Python is not Java or C++: Python as a second language empathy

06 Apr 2018

abstract


Python is not Java, nor is it C++

It’s different! Let’s talk about how.

Why?

Because as Python experts (you did choose to come to a Python conference so likely you’re either an expert already or in time you’re going to be come one if you keep going to Python conferences) we have a responsibility to help our colleagues and collaborators who don’t know Python as well we do. The part of that responsibility I want to focus on today is when other people have experience with other programming languages but are new to Python.

I work at Dropbox, which as Guido said earlier today is a company that uses a fair bit of Python. But a lot of programmers come to Dropbox without having significant Python experience. Do these people take a few months off when they join to really focus on learning and figure out exactly how Python works, having a lot of fun while they do it? That would great (briefly shows slide of Recurse Center logo) but that’s not what usually happens. Instead they learn on the job, they start making progress right away. They’ll read some books (my favorite is Python Essential Reference, but I hear Fluent Python is terrific), watch some Python talks, read some blog posts, ask questions at work, and Google a lot. That last one is the main one, lots of Google and lots of Stack Overflow.

Learning primarily by Googling can leave you with certain blind spots. If the way that you’re learning a language is by looking up things that are confusing to you, things that aren’t obviously confusing aren’t going to come up.

We ought to be trying to understand our colleagues’ understandings of Python. This is a big thing whenever you’re teaching, whenever you’re trying to communicate with another person: trying to figure out their mental model of a situation and providing just the right conceptual stepping stones to update that model to a more useful state.

Python-as-a-secondary-language empathy

We should try to understand the understandings of Python of people coming to Python as a new language. I’m going to call this “Python-as-a-second-language empathy.”

How do we build this PaaSL empathy thing?

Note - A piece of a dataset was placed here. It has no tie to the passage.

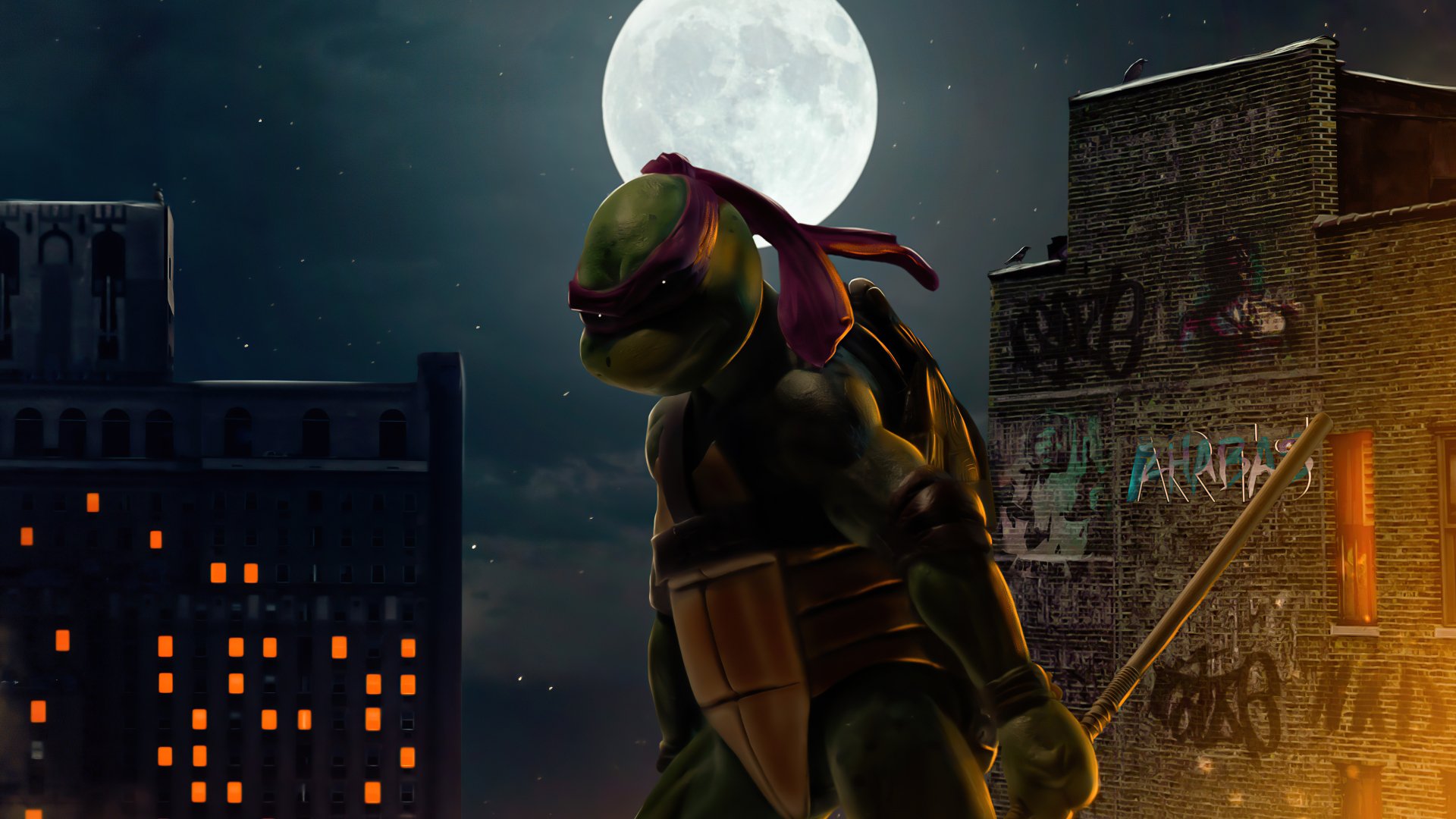 Download Raphael (TMNT) Comic Teenage Mutant Ninja Turtles 4k Ultra HD Wallpaper by Zhabas I.V.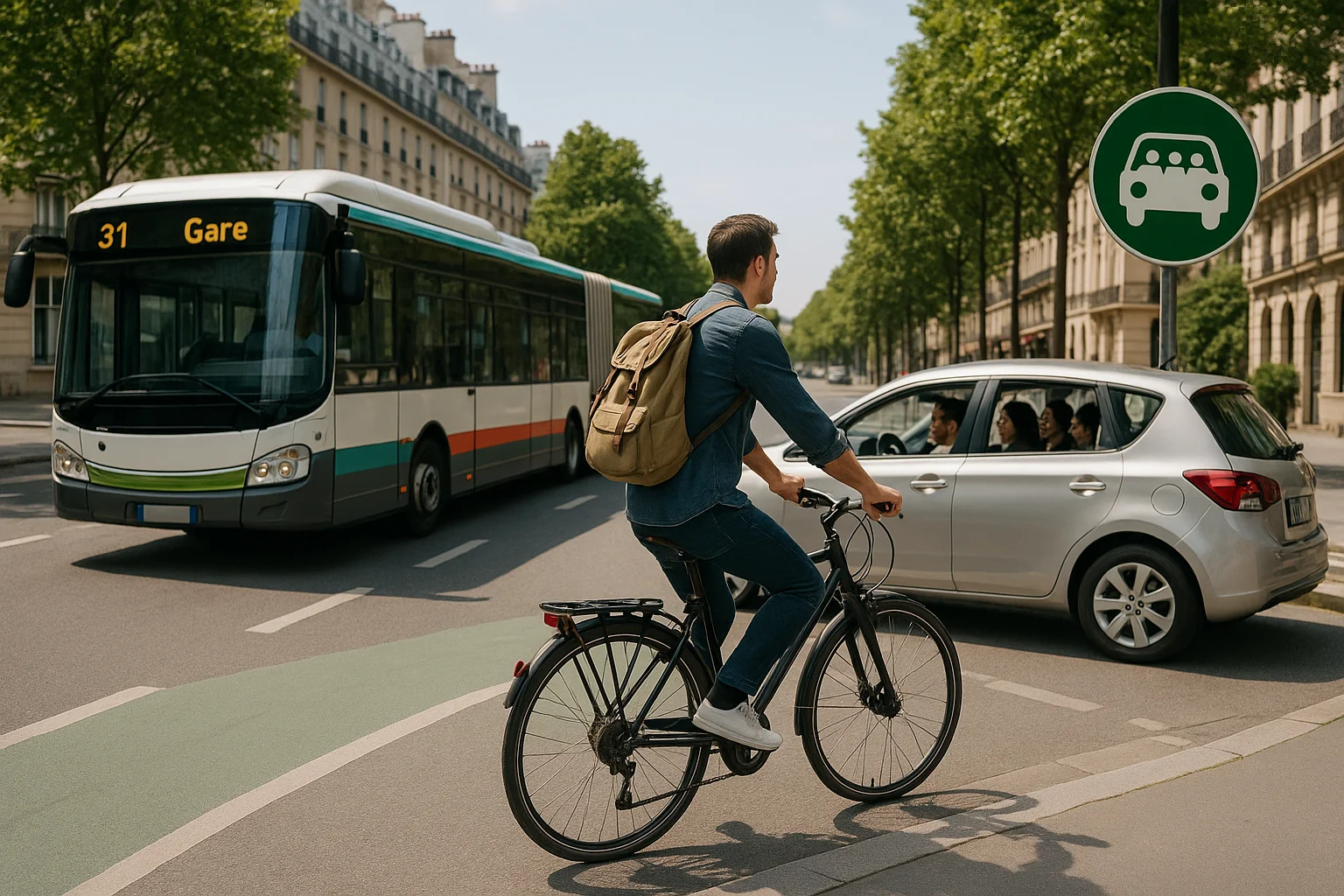Alternatives à la voiture individuelle en ville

The best thing you can do is learn another language first, and then learn Python. Who here has another language that they knew pretty well before learning Python? (most hands go up) Great! Terrific! That’s a superpower you have that I can never have. I can never unlearn Python, become fluent in another language, and then learn Python again. You have this perspective that I can’t have. I encourage you to use that superpower to help others with backgrounds similar to your own. I’d love to see “Django for Salesforce Programmers” as a talk at a Python conference because it’s very efficient when teaching to be able to make connections to a shared existing knowledge base.

Another thing you can do to build this PAASL empathy (I’m still deciding on an acronym) is to learn language that are different than the ones you know. Every time you learn a new language you’re learning new dimensions on which someone could have a misconception.

Consider the following:

a = b + c

Depending on the languages you know, you might make different assumptions about the answers to the following questions:

  • Will a always be equivalent to the sum of b and c from now on, or will that only be true right after we run this code?
  • Will b + c be evaluated right now, or when a is used later?
  • Could b and c be function calls with side effects?
  • Which will be evaluated first?
  • What does plus mean, and how do we find out?
  • Is a a new variable, and if so is it global now?
  • Does the value stored in a know the name of that variable?

These are questions you can have and ways that someone might be confused, but if you’re not familiar with languages that answer these questions in different ways you might not be able to conceive of these misunderstandings.

Another you thing you can do to build PSL empathy is listen. Listen to questions and notice patterns in them. If you work with grad students who know R and are learning Python, try to notice what questions repeatedly come up.

In a general sense, this is what my favorite PyCon speaker Ned Batchelder does a wonderful job of. Ned is a saint who spends thousands of hours in the #python irc channel repeatedly answering the same questions about Python. He does a bunch of other things like run the Boston Python Users Meetup group, and he coalesces all this interaction into talks which concisely hit all the things that are confusing about whatever that year’s PyCon talk is.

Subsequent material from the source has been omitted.